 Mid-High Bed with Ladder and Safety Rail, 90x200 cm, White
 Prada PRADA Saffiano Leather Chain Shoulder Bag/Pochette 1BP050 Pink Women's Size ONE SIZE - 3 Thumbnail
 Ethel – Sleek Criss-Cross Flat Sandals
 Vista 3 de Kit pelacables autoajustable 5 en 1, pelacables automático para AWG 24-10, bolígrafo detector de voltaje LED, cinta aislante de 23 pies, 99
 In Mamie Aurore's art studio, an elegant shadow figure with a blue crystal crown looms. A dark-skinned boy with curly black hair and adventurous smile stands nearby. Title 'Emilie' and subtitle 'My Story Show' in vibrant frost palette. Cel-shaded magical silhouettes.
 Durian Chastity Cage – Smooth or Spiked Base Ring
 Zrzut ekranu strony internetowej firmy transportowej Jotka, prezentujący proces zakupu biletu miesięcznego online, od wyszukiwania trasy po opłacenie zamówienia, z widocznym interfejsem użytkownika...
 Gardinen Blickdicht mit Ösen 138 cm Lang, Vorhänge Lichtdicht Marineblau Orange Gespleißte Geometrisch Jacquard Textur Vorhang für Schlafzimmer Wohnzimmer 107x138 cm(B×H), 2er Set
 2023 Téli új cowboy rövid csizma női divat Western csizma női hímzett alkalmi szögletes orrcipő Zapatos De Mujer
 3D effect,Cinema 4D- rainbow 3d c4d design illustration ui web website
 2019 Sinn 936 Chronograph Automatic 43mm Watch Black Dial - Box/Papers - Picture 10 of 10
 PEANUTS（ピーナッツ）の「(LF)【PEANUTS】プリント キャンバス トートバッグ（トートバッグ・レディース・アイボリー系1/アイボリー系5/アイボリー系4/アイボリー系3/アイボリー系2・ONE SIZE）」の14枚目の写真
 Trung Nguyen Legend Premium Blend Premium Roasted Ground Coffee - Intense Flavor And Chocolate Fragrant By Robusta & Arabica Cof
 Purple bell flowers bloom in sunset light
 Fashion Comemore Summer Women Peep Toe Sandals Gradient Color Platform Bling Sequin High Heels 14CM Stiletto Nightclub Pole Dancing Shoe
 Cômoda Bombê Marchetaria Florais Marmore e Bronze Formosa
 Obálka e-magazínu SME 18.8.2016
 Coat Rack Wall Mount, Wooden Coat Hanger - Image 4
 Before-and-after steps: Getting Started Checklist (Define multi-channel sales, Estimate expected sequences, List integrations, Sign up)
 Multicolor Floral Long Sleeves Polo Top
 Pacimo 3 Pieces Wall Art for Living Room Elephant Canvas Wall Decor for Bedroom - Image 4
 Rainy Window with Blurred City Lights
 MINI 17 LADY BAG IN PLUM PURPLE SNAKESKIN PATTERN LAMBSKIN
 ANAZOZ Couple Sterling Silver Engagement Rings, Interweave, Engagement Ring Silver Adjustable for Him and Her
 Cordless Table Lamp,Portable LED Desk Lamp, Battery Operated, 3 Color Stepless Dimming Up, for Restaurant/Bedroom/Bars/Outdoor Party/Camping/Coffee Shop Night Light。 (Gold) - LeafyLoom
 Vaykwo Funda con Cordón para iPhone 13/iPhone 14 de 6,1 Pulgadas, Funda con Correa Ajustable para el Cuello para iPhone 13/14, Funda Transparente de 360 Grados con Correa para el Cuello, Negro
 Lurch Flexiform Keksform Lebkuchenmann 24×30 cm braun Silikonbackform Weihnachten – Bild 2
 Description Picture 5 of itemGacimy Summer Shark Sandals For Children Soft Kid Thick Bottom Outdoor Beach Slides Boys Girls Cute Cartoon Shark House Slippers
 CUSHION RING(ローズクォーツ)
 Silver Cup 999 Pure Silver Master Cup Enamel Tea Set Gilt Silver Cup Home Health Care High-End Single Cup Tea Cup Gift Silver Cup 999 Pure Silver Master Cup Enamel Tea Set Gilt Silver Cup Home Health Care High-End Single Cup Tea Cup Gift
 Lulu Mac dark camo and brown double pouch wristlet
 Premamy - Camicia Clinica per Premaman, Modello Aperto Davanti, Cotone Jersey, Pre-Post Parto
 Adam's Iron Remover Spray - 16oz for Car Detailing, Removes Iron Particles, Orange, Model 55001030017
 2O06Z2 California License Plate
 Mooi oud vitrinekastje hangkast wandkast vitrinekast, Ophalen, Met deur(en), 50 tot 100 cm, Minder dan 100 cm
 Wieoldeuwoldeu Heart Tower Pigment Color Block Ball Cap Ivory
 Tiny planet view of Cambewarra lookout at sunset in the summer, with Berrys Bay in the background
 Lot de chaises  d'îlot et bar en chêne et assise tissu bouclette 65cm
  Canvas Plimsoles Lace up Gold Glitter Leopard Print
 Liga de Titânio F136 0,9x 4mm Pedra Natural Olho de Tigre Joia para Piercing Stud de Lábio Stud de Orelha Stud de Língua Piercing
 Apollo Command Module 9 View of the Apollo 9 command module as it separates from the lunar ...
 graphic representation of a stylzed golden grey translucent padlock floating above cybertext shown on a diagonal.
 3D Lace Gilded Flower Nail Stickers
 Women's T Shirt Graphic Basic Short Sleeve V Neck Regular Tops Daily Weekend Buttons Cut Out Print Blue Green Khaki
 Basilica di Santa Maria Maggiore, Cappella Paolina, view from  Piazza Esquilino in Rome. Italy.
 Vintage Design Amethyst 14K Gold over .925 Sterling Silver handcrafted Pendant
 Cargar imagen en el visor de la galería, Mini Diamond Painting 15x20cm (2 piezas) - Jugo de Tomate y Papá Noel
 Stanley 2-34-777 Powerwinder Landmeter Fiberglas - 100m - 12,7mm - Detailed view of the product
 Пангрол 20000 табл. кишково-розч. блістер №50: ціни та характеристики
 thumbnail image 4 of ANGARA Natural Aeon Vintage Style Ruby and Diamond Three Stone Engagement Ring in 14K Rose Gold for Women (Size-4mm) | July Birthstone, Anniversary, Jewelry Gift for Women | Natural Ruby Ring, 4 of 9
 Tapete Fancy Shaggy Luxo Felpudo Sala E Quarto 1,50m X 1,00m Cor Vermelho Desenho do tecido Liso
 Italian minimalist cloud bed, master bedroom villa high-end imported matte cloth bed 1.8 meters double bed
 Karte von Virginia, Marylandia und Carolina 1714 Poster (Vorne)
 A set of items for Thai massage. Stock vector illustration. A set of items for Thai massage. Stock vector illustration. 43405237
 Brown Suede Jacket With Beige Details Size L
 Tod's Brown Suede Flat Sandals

+ + + + +

Could the data above be returned exactly as it stands?

 Mid-High Bed with Ladder and Safety Rail, 90x200 cm, White
 Prada PRADA Saffiano Leather Chain Shoulder Bag/Pochette 1BP050 Pink Women's Size ONE SIZE - 3 Thumbnail
 Ethel – Sleek Criss-Cross Flat Sandals
 Vista 3 de Kit pelacables autoajustable 5 en 1, pelacables automático para AWG 24-10, bolígrafo detector de voltaje LED, cinta aislante de 23 pies, 99
 In Mamie Aurore's art studio, an elegant shadow figure with a blue crystal crown looms. A dark-skinned boy with curly black hair and adventurous smile stands nearby. Title 'Emilie' and subtitle 'My Story Show' in vibrant frost palette. Cel-shaded magical silhouettes.
 Durian Chastity Cage – Smooth or Spiked Base Ring
 Zrzut ekranu strony internetowej firmy transportowej Jotka, prezentujący proces zakupu biletu miesięcznego online, od wyszukiwania trasy po opłacenie zamówienia, z widocznym interfejsem użytkownika...
 Gardinen Blickdicht mit Ösen 138 cm Lang, Vorhänge Lichtdicht Marineblau Orange Gespleißte Geometrisch Jacquard Textur Vorhang für Schlafzimmer Wohnzimmer 107x138 cm(B×H), 2er Set
 2023 Téli új cowboy rövid csizma női divat Western csizma női hímzett alkalmi szögletes orrcipő Zapatos De Mujer
 3D effect,Cinema 4D- rainbow 3d c4d design illustration ui web website
 2019 Sinn 936 Chronograph Automatic 43mm Watch Black Dial - Box/Papers - Picture 10 of 10
 PEANUTS（ピーナッツ）の「(LF)【PEANUTS】プリント キャンバス トートバッグ（トートバッグ・レディース・アイボリー系1/アイボリー系5/アイボリー系4/アイボリー系3/アイボリー系2・ONE SIZE）」の14枚目の写真
 Trung Nguyen Legend Premium Blend Premium Roasted Ground Coffee - Intense Flavor And Chocolate Fragrant By Robusta & Arabica Cof
 Purple bell flowers bloom in sunset light
 Fashion Comemore Summer Women Peep Toe Sandals Gradient Color Platform Bling Sequin High Heels 14CM Stiletto Nightclub Pole Dancing Shoe
 Cômoda Bombê Marchetaria Florais Marmore e Bronze Formosa
 Obálka e-magazínu SME 18.8.2016
 Coat Rack Wall Mount, Wooden Coat Hanger - Image 4
 Before-and-after steps: Getting Started Checklist (Define multi-channel sales, Estimate expected sequences, List integrations, Sign up)
 Multicolor Floral Long Sleeves Polo Top
 Pacimo 3 Pieces Wall Art for Living Room Elephant Canvas Wall Decor for Bedroom - Image 4
 Rainy Window with Blurred City Lights
 MINI 17 LADY BAG IN PLUM PURPLE SNAKESKIN PATTERN LAMBSKIN
 ANAZOZ Couple Sterling Silver Engagement Rings, Interweave, Engagement Ring Silver Adjustable for Him and Her
 Cordless Table Lamp,Portable LED Desk Lamp, Battery Operated, 3 Color Stepless Dimming Up, for Restaurant/Bedroom/Bars/Outdoor Party/Camping/Coffee Shop Night Light。 (Gold) - LeafyLoom
 Vaykwo Funda con Cordón para iPhone 13/iPhone 14 de 6,1 Pulgadas, Funda con Correa Ajustable para el Cuello para iPhone 13/14, Funda Transparente de 360 Grados con Correa para el Cuello, Negro
 Lurch Flexiform Keksform Lebkuchenmann 24×30 cm braun Silikonbackform Weihnachten – Bild 2
 Description Picture 5 of itemGacimy Summer Shark Sandals For Children Soft Kid Thick Bottom Outdoor Beach Slides Boys Girls Cute Cartoon Shark House Slippers
 CUSHION RING(ローズクォーツ)
 Silver Cup 999 Pure Silver Master Cup Enamel Tea Set Gilt Silver Cup Home Health Care High-End Single Cup Tea Cup Gift Silver Cup 999 Pure Silver Master Cup Enamel Tea Set Gilt Silver Cup Home Health Care High-End Single Cup Tea Cup Gift
 Lulu Mac dark camo and brown double pouch wristlet
 Premamy - Camicia Clinica per Premaman, Modello Aperto Davanti, Cotone Jersey, Pre-Post Parto
 Adam's Iron Remover Spray - 16oz for Car Detailing, Removes Iron Particles, Orange, Model 55001030017
 2O06Z2 California License Plate
 Mooi oud vitrinekastje hangkast wandkast vitrinekast, Ophalen, Met deur(en), 50 tot 100 cm, Minder dan 100 cm
 Wieoldeuwoldeu Heart Tower Pigment Color Block Ball Cap Ivory
 Tiny planet view of Cambewarra lookout at sunset in the summer, with Berrys Bay in the background
 Lot de chaises  d'îlot et bar en chêne et assise tissu bouclette 65cm
  Canvas Plimsoles Lace up Gold Glitter Leopard Print
 Liga de Titânio F136 0,9x 4mm Pedra Natural Olho de Tigre Joia para Piercing Stud de Lábio Stud de Orelha Stud de Língua Piercing
 Apollo Command Module 9 View of the Apollo 9 command module as it separates from the lunar ...
 graphic representation of a stylzed golden grey translucent padlock floating above cybertext shown on a diagonal.
 3D Lace Gilded Flower Nail Stickers
 Women's T Shirt Graphic Basic Short Sleeve V Neck Regular Tops Daily Weekend Buttons Cut Out Print Blue Green Khaki
 Basilica di Santa Maria Maggiore, Cappella Paolina, view from  Piazza Esquilino in Rome. Italy.
 Vintage Design Amethyst 14K Gold over .925 Sterling Silver handcrafted Pendant
 Cargar imagen en el visor de la galería, Mini Diamond Painting 15x20cm (2 piezas) - Jugo de Tomate y Papá Noel
 Stanley 2-34-777 Powerwinder Landmeter Fiberglas - 100m - 12,7mm - Detailed view of the product
 Пангрол 20000 табл. кишково-розч. блістер №50: ціни та характеристики
 thumbnail image 4 of ANGARA Natural Aeon Vintage Style Ruby and Diamond Three Stone Engagement Ring in 14K Rose Gold for Women (Size-4mm) | July Birthstone, Anniversary, Jewelry Gift for Women | Natural Ruby Ring, 4 of 9
 Tapete Fancy Shaggy Luxo Felpudo Sala E Quarto 1,50m X 1,00m Cor Vermelho Desenho do tecido Liso
 Italian minimalist cloud bed, master bedroom villa high-end imported matte cloth bed 1.8 meters double bed
 Karte von Virginia, Marylandia und Carolina 1714 Poster (Vorne)
 A set of items for Thai massage. Stock vector illustration. A set of items for Thai massage. Stock vector illustration. 43405237
 Brown Suede Jacket With Beige Details Size L
 Tod's Brown Suede Flat Sandals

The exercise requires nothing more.